Basta pensar nos monumentos destruídos e nas casas saqueadas pelos exércitos de Adolf Hitler, no assassínio do escritor e ativista Ghassan Kanafani, autor de contos e romances que exploram a experiência palestina e a luta pelo retorno dos refugiados, por parte do serviço secreto israelita, em 1972, no bombardeamento das milenares esculturas dos Budas de Bamiyan, no Afeganistão, levado a cabo, em 2001, pelos Talibans, ou nas ações do Daesh, em 2005, que vão da destruição da cidade de Palmyra, património mundial da UNESCO, na Síria, ao roubo de manuscritos centenários das universidades de Mosul, no Iraque, e a destruição, com martelos, de artefactos do museu da cidade.
De cada vez que um monumento cai, sob as mãos de opressores, com ele cai parte de um povo. De cada vez que um artista é proibido de se exprimir, silenciado ou impedido de circular pelo Mundo e espalhar a sua mensagem, com ele é silenciada a democracia e a liberdade e a dignidade humana.

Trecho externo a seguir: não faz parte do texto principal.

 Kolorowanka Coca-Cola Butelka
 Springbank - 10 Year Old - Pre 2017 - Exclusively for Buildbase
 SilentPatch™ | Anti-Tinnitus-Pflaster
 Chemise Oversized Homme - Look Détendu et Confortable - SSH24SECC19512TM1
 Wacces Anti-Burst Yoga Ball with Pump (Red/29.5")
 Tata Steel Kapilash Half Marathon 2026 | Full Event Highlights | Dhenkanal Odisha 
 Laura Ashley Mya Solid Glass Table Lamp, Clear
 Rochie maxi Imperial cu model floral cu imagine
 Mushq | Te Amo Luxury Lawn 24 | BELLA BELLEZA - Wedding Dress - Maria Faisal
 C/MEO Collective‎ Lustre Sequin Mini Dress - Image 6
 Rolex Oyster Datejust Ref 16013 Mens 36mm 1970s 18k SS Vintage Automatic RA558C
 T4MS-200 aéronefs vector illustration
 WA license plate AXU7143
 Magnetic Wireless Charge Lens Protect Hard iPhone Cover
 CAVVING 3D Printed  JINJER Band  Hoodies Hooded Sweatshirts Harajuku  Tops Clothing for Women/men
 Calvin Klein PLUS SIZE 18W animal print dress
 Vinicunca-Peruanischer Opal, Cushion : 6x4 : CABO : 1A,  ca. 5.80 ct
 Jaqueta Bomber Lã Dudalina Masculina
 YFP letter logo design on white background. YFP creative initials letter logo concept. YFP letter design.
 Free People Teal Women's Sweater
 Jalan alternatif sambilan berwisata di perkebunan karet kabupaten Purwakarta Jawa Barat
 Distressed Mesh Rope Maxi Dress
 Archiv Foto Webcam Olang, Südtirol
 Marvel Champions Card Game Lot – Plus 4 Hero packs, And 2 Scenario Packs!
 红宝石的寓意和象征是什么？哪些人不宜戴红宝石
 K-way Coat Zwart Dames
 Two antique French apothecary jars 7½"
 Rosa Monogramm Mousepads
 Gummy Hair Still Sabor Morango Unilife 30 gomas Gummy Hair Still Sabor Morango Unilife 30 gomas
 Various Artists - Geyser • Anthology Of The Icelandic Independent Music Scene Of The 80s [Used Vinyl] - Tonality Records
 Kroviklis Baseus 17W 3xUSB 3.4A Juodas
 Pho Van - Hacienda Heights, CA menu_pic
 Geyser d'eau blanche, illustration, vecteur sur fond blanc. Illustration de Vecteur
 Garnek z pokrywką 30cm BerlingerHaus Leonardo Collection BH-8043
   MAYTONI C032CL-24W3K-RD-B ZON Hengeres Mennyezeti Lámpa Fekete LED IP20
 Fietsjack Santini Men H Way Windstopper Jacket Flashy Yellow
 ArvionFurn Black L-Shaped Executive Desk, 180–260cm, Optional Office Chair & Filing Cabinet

De cada vez que a redação de um jornal recebe um e-mail igual ao que chegou, no dia 4 de novembro deste ano, às caixas de entrada do JL, é tempo de escrever um tema de capa sobre o que se está a passar.
TEMPO DE (RE)AGIR
A mensagem em causa foi enviada pela organização do ciclo de programação musical Vale Perdido. Num comunicado à imprensa, Joaquim Quadros, Sérgio Hydalgo, Gustavo Blanco e Ricardo Lemos anunciavam “com enorme tristeza” que a vocalista e compositora Maya Al Khaldi e a produtora e artista sonora Sarouna, ambas palestinianas, que deveriam atuar a 13 de novembro no Centro Ismaili de Lisboa, infelizmente tinham-se visto “impossibilitadas de estar presentes em Lisboa”.
Em alturas como estas sabemos, não só que as coisas foram longe demais, mas também que chegou a hora de recordar que “a resistência e a mudança muitas vezes começam na arte”.
Foi o que fizeram os organizadores do evento, que, a fim de manterem o concerto do dia 13 de novembro, “um momento essencial para a narrativa programática do Vale Perdido 2024”, convidaram Dirar Kalash, um dos nomes percursores da música improvisada palestiniana, e Ãssia Ghendir, artista da Argélia, para “ocupar” o vazio deixado pelas artistas impedidas de viajar.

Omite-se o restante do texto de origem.